## Task details
Set down all the lines below, each one exactly as shown.

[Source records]

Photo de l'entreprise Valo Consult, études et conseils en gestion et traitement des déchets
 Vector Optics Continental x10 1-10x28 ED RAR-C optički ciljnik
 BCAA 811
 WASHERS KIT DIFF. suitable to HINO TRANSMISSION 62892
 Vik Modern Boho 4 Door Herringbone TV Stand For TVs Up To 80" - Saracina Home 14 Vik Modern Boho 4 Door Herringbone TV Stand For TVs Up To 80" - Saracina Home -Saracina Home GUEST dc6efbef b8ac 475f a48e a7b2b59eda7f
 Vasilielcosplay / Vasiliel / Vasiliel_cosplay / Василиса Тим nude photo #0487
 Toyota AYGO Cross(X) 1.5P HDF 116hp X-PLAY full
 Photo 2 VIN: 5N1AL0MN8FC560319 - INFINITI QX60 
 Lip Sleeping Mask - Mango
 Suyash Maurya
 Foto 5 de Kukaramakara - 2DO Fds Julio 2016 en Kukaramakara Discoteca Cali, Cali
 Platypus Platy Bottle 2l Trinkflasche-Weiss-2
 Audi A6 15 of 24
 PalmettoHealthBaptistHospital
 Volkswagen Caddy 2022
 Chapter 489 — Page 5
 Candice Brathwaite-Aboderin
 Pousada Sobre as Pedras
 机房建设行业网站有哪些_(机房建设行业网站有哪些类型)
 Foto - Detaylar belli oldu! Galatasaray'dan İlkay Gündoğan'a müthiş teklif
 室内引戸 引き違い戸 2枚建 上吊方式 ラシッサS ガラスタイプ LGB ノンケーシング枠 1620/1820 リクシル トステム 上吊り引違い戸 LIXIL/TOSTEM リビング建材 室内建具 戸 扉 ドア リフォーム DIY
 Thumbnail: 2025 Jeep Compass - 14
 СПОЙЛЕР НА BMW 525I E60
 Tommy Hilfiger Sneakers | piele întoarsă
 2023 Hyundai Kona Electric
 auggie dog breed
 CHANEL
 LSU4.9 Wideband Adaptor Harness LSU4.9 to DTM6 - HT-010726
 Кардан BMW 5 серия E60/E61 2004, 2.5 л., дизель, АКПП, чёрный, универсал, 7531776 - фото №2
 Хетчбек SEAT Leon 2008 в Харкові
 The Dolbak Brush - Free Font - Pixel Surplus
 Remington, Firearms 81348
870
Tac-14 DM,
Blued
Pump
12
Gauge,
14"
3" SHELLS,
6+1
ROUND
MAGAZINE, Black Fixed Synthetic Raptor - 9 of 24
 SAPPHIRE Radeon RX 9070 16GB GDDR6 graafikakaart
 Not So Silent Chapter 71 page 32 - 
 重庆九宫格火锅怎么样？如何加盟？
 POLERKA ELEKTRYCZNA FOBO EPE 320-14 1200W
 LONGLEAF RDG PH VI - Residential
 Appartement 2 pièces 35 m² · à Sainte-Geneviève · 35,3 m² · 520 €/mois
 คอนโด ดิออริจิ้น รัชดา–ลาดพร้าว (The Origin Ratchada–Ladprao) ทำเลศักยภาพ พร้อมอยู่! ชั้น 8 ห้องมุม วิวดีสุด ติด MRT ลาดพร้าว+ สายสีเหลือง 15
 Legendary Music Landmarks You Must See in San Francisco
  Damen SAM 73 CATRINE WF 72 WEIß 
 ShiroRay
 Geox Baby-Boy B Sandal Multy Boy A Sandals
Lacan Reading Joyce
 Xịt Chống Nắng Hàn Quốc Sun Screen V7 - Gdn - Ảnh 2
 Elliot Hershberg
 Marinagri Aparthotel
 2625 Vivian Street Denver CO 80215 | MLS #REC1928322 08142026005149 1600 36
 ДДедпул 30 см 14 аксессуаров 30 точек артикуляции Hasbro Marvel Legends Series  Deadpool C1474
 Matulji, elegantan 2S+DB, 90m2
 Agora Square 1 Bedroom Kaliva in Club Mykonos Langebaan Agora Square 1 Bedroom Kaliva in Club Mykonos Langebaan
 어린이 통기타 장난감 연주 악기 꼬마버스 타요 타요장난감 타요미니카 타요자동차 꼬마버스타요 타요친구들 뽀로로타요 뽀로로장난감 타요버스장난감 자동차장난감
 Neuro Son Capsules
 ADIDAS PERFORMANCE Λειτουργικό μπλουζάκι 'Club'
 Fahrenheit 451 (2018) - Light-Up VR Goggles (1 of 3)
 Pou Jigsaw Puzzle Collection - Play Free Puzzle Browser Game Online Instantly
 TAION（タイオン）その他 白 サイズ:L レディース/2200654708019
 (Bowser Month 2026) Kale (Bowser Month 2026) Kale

## Exercise output
Photo de l'entreprise Valo Consult, études et conseils en gestion et traitement des déchets
 Vector Optics Continental x10 1-10x28 ED RAR-C optički ciljnik
 BCAA 811
 WASHERS KIT DIFF. suitable to HINO TRANSMISSION 62892
 Vik Modern Boho 4 Door Herringbone TV Stand For TVs Up To 80" - Saracina Home 14 Vik Modern Boho 4 Door Herringbone TV Stand For TVs Up To 80" - Saracina Home -Saracina Home GUEST dc6efbef b8ac 475f a48e a7b2b59eda7f
 Vasilielcosplay / Vasiliel / Vasiliel_cosplay / Василиса Тим nude photo #0487
 Toyota AYGO Cross(X) 1.5P HDF 116hp X-PLAY full
 Photo 2 VIN: 5N1AL0MN8FC560319 - INFINITI QX60 
 Lip Sleeping Mask - Mango
 Suyash Maurya
 Foto 5 de Kukaramakara - 2DO Fds Julio 2016 en Kukaramakara Discoteca Cali, Cali
 Platypus Platy Bottle 2l Trinkflasche-Weiss-2
 Audi A6 15 of 24
 PalmettoHealthBaptistHospital
 Volkswagen Caddy 2022
 Chapter 489 — Page 5
 Candice Brathwaite-Aboderin
 Pousada Sobre as Pedras
 机房建设行业网站有哪些_(机房建设行业网站有哪些类型)
 Foto - Detaylar belli oldu! Galatasaray'dan İlkay Gündoğan'a müthiş teklif
 室内引戸 引き違い戸 2枚建 上吊方式 ラシッサS ガラスタイプ LGB ノンケーシング枠 1620/1820 リクシル トステム 上吊り引違い戸 LIXIL/TOSTEM リビング建材 室内建具 戸 扉 ドア リフォーム DIY
 Thumbnail: 2025 Jeep Compass - 14
 СПОЙЛЕР НА BMW 525I E60
 Tommy Hilfiger Sneakers | piele întoarsă
 2023 Hyundai Kona Electric
 auggie dog breed
 CHANEL
 LSU4.9 Wideband Adaptor Harness LSU4.9 to DTM6 - HT-010726
 Кардан BMW 5 серия E60/E61 2004, 2.5 л., дизель, АКПП, чёрный, универсал, 7531776 - фото №2
 Хетчбек SEAT Leon 2008 в Харкові
 The Dolbak Brush - Free Font - Pixel Surplus
 Remington, Firearms 81348
870
Tac-14 DM,
Blued
Pump
12
Gauge,
14"
3" SHELLS,
6+1
ROUND
MAGAZINE, Black Fixed Synthetic Raptor - 9 of 24
 SAPPHIRE Radeon RX 9070 16GB GDDR6 graafikakaart
 Not So Silent Chapter 71 page 32 - 
 重庆九宫格火锅怎么样？如何加盟？
 POLERKA ELEKTRYCZNA FOBO EPE 320-14 1200W
 LONGLEAF RDG PH VI - Residential
 Appartement 2 pièces 35 m² · à Sainte-Geneviève · 35,3 m² · 520 €/mois
 คอนโด ดิออริจิ้น รัชดา–ลาดพร้าว (The Origin Ratchada–Ladprao) ทำเลศักยภาพ พร้อมอยู่! ชั้น 8 ห้องมุม วิวดีสุด ติด MRT ลาดพร้าว+ สายสีเหลือง 15
 Legendary Music Landmarks You Must See in San Francisco
  Damen SAM 73 CATRINE WF 72 WEIß 
 ShiroRay
 Geox Baby-Boy B Sandal Multy Boy A Sandals
Lacan Reading Joyce
 Xịt Chống Nắng Hàn Quốc Sun Screen V7 - Gdn - Ảnh 2
 Elliot Hershberg
 Marinagri Aparthotel
 2625 Vivian Street Denver CO 80215 | MLS #REC1928322 08142026005149 1600 36
 ДДедпул 30 см 14 аксессуаров 30 точек артикуляции Hasbro Marvel Legends Series  Deadpool C1474
 Matulji, elegantan 2S+DB, 90m2
 Agora Square 1 Bedroom Kaliva in Club Mykonos Langebaan Agora Square 1 Bedroom Kaliva in Club Mykonos Langebaan
 어린이 통기타 장난감 연주 악기 꼬마버스 타요 타요장난감 타요미니카 타요자동차 꼬마버스타요 타요친구들 뽀로로타요 뽀로로장난감 타요버스장난감 자동차장난감
 Neuro Son Capsules
 ADIDAS PERFORMANCE Λειτουργικό μπλουζάκι 'Club'
 Fahrenheit 451 (2018) - Light-Up VR Goggles (1 of 3)
 Pou Jigsaw Puzzle Collection - Play Free Puzzle Browser Game Online Instantly
 TAION（タイオン）その他 白 サイズ:L レディース/2200654708019
 (Bowser Month 2026) Kale (Bowser Month 2026) Kale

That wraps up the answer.